-- ACTIVITY --
The lines below, from the first through the one containing "This video will", are to be given again exactly, with pictures left out and nothing added.

-- RECORD EXTRACTS --
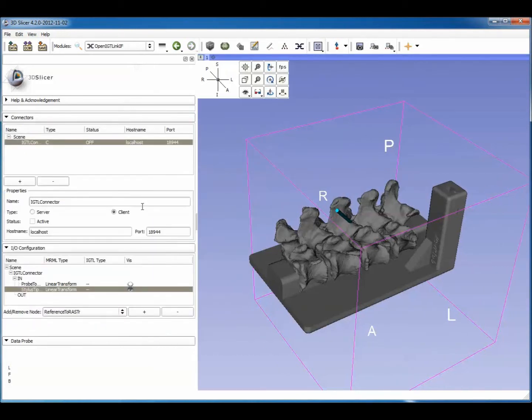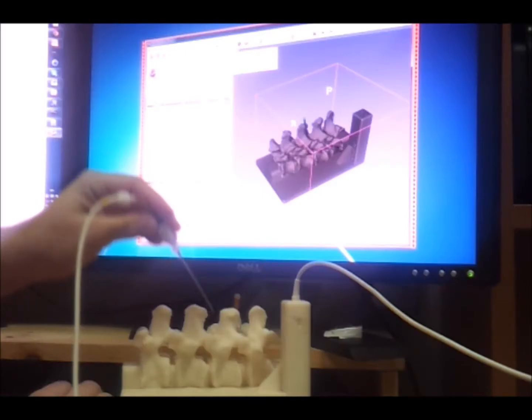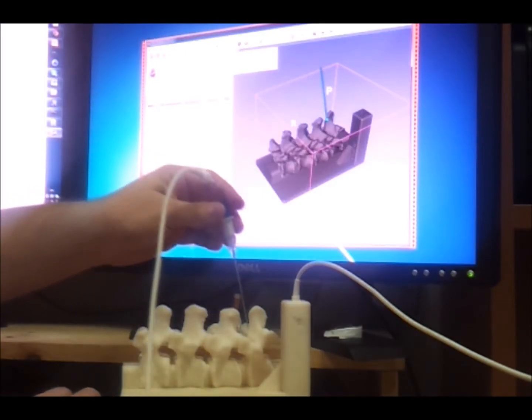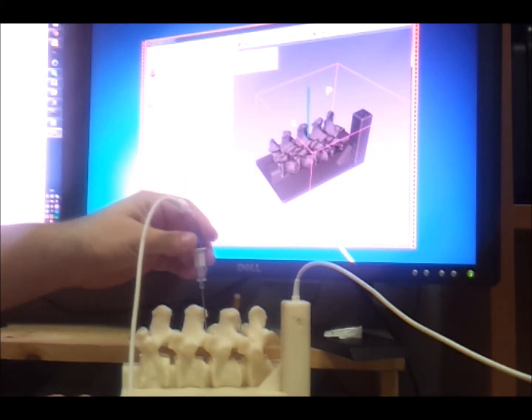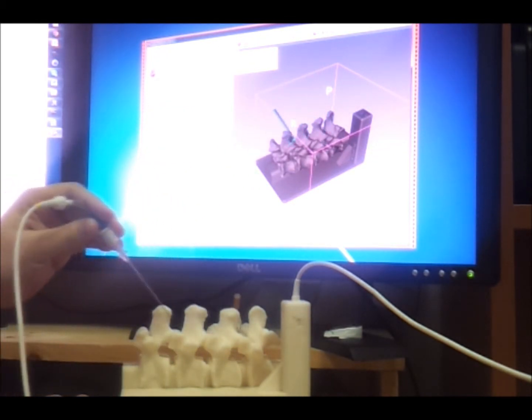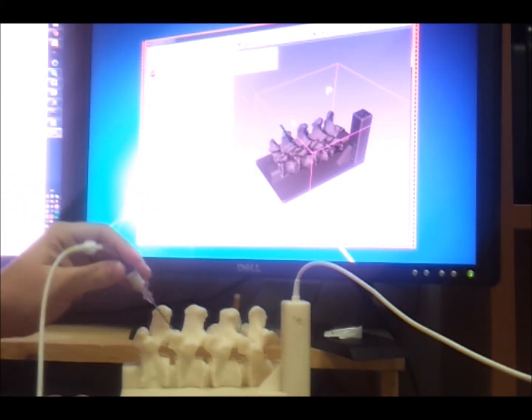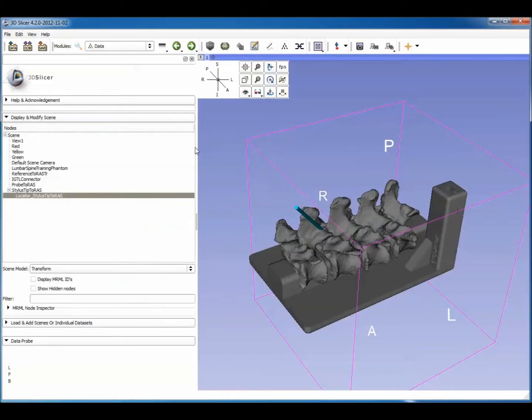First, we start tracking by activating the OpenIGT-Link connection. At this time, you see the stick representing the needle starts moving. This is classical needle tracking, and the tracking coordinate system is registered to the model in Slicer.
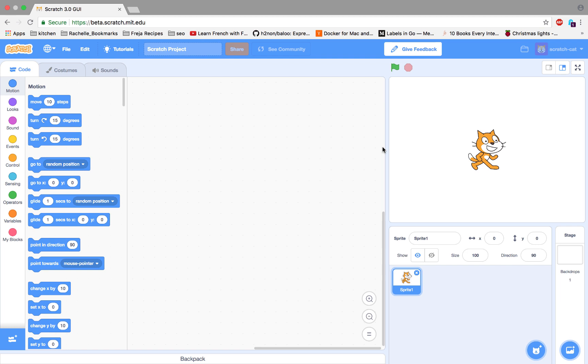Scratch 3 is an interactive visual programming environment that works right in your web browser. It's ideal for kids.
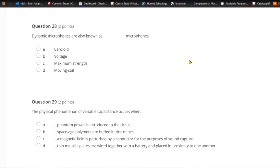Question twenty-eight: Dynamic microphones are also known as what microphones? A) Cardioid. B) Voltage. C) Maximum strength. Or D) moving coil. Moving coil perfectly describes the phenomenon of electromagnetic induction — moving coil microphone is a synonym for dynamic microphone.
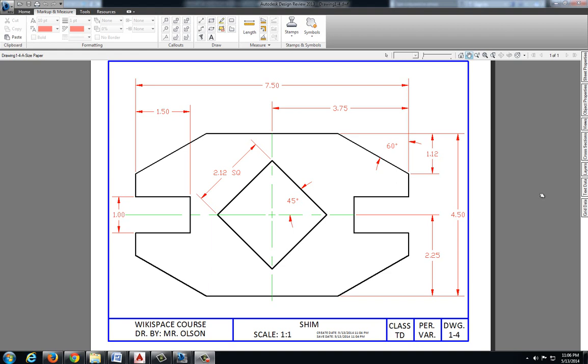This video will walk you through one method for solving drawing 1-4 shim. The challenge with this drawing is to create the entire drawing by only drawing a fourth of it, and then using the commands that we've learned to create the other three-fourths of the drawing.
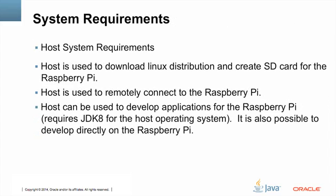Your host system is going to be used to download the Linux distribution for the Raspberry Pi and create the SD card. You can also use your host system to remotely connect to the Raspberry Pi using SSH. You can use your host system for developing applications for the Raspberry Pi. Because JDK 8 for ARM does contain the Java compiler, it is possible to develop your Java applications directly on the Raspberry Pi, but that won't allow you to take advantage of an integrated development environment or Scene Builder or any of the tools that come with JavaFX, so it's not as convenient as developing on your desktop.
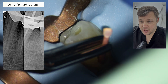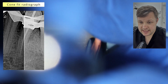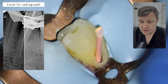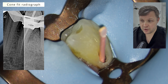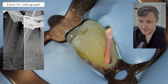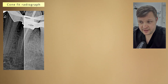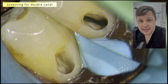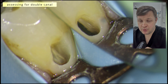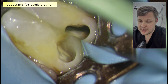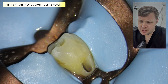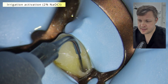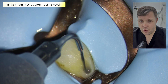Cone fit radiograph — we're using a matched cone and deliberately a lower-tapered file because of the calcified nature. I also don't want to create too much weakness in the coronal portion of the tooth, because a higher-tapered file would remove a lot of the dentin. There was a possible suggestion of a double canal, but I had a look inside the access cavity and was happy that there wasn't one.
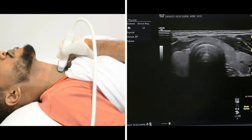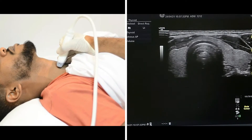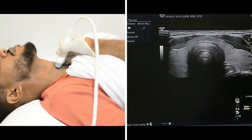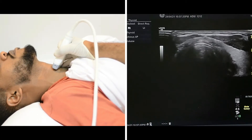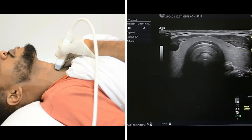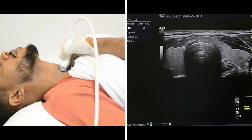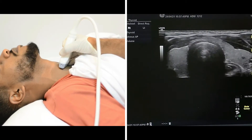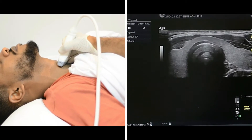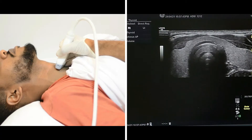We will scan the entire isthmus. I will slide my probe superior and inferior in order to cover all of the isthmus, looking for any abnormality.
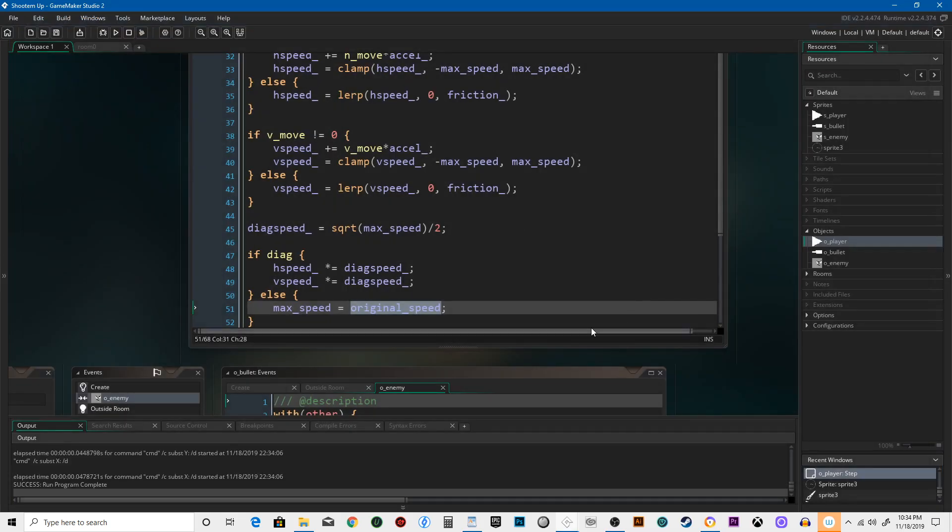Then you can spend this time blowing up bad guys. We'll pick up in the next lesson. Thanks, bye.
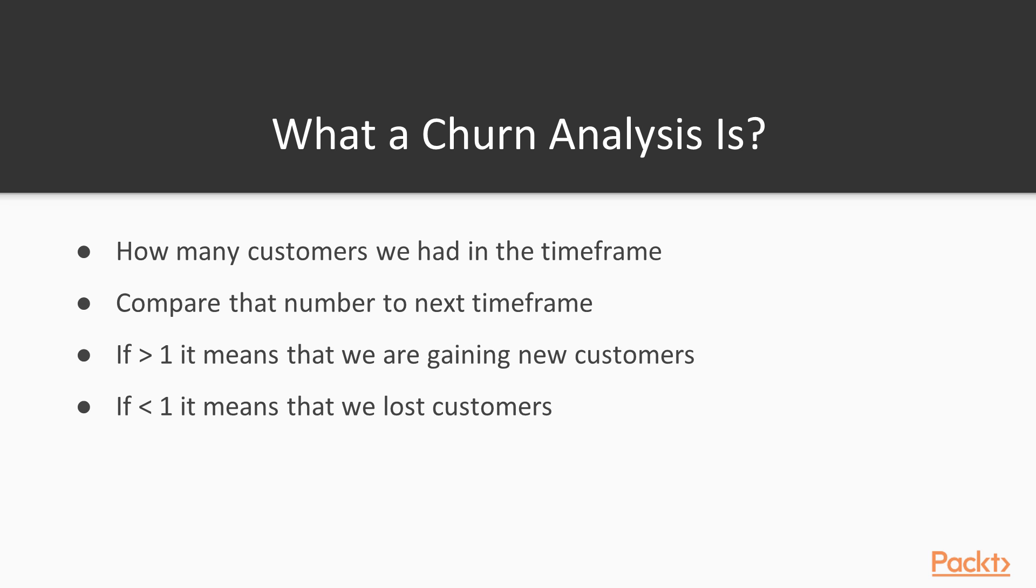If that churn is higher than one, it means that we are gaining new customers because there were more unique customers in the next month than in the previous one. If that churn analysis result will be lower than one, it means that we lost customers because in the previous month that we analyzed there were more customers than in the current month.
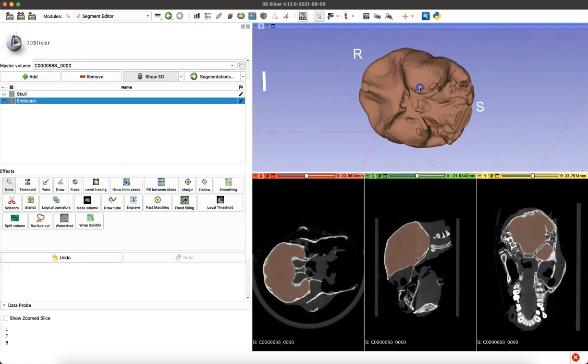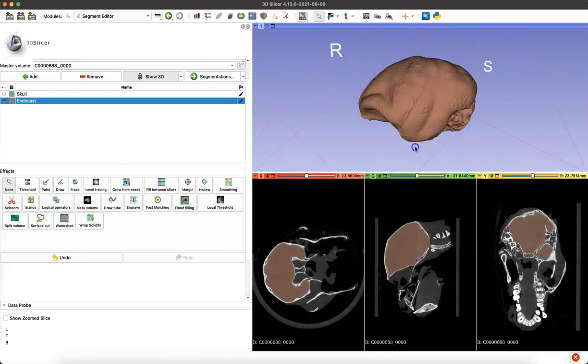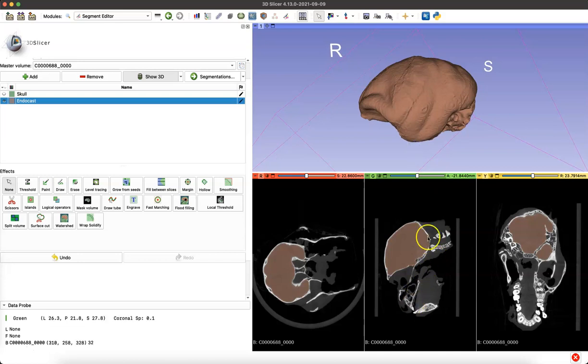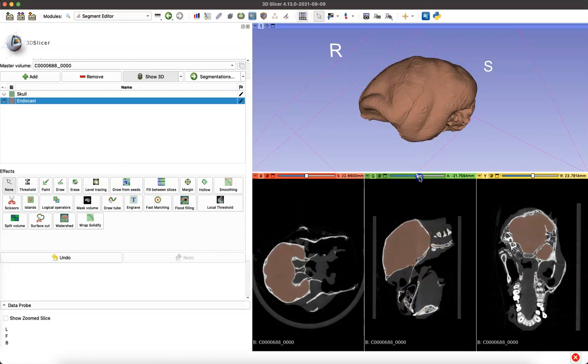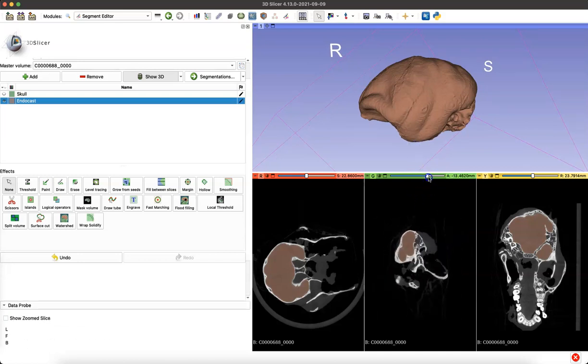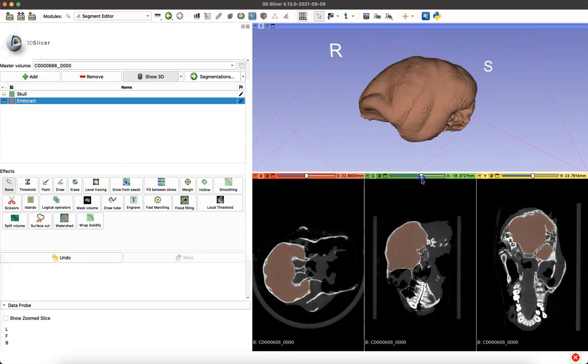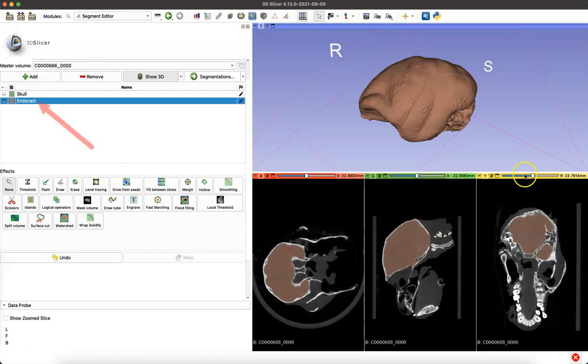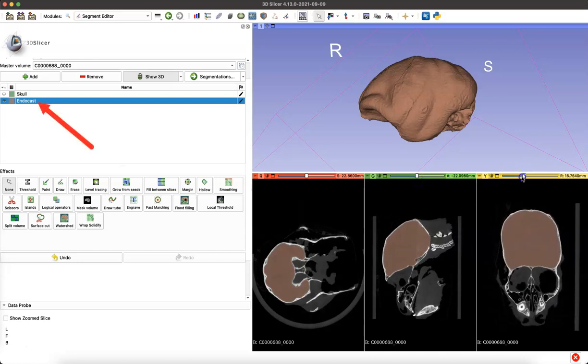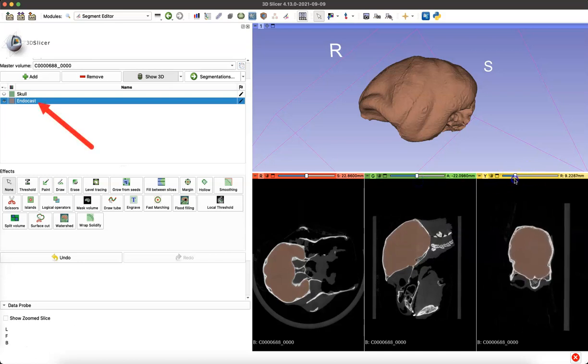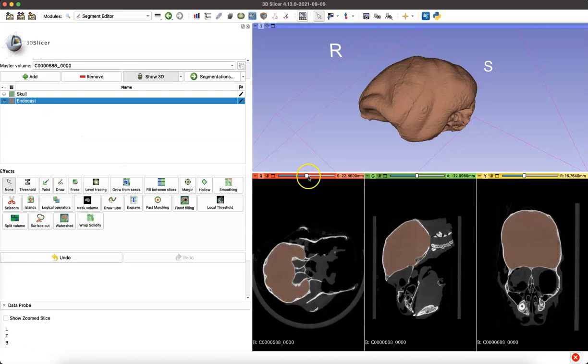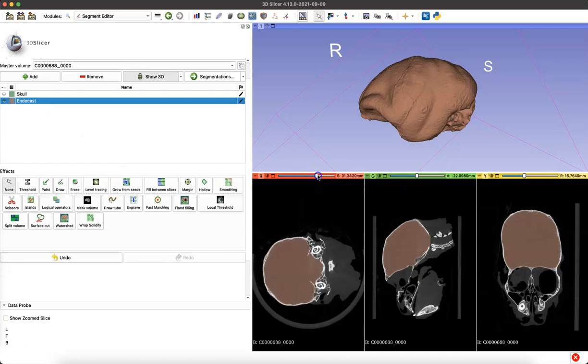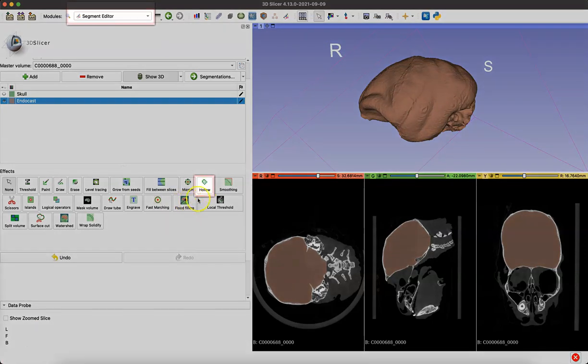We can explore our endocast in 3D space and in the slices below and see that we've created a solid object. Our segment that we created that you can see in the left hand menu, endocast, solidly goes through the skull and we want to hollow that out so that we can easily 3D print it.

-- TASK SOLUTION --
First, we start tracking by activating the OpenIGT-Link connection. At this time, you see the stick representing the needle starts moving. This is classical needle tracking, and the tracking coordinate system is registered to the model in Slicer.
Scratch 3 is an interactive visual programming environment that works right in your web browser. It's ideal for kids.
Question twenty-eight: Dynamic microphones are also known as what microphones? A) Cardioid. B) Voltage. C) Maximum strength. Or D) moving coil. Moving coil perfectly describes the phenomenon of electromagnetic induction — moving coil microphone is a synonym for dynamic microphone.
This video will walk you through one method for solving drawing 1-4 shim. The challenge with this drawing is to create the entire drawing by only drawing a fourth of it, and then using the commands that we've learned to create the other three-fourths of the drawing.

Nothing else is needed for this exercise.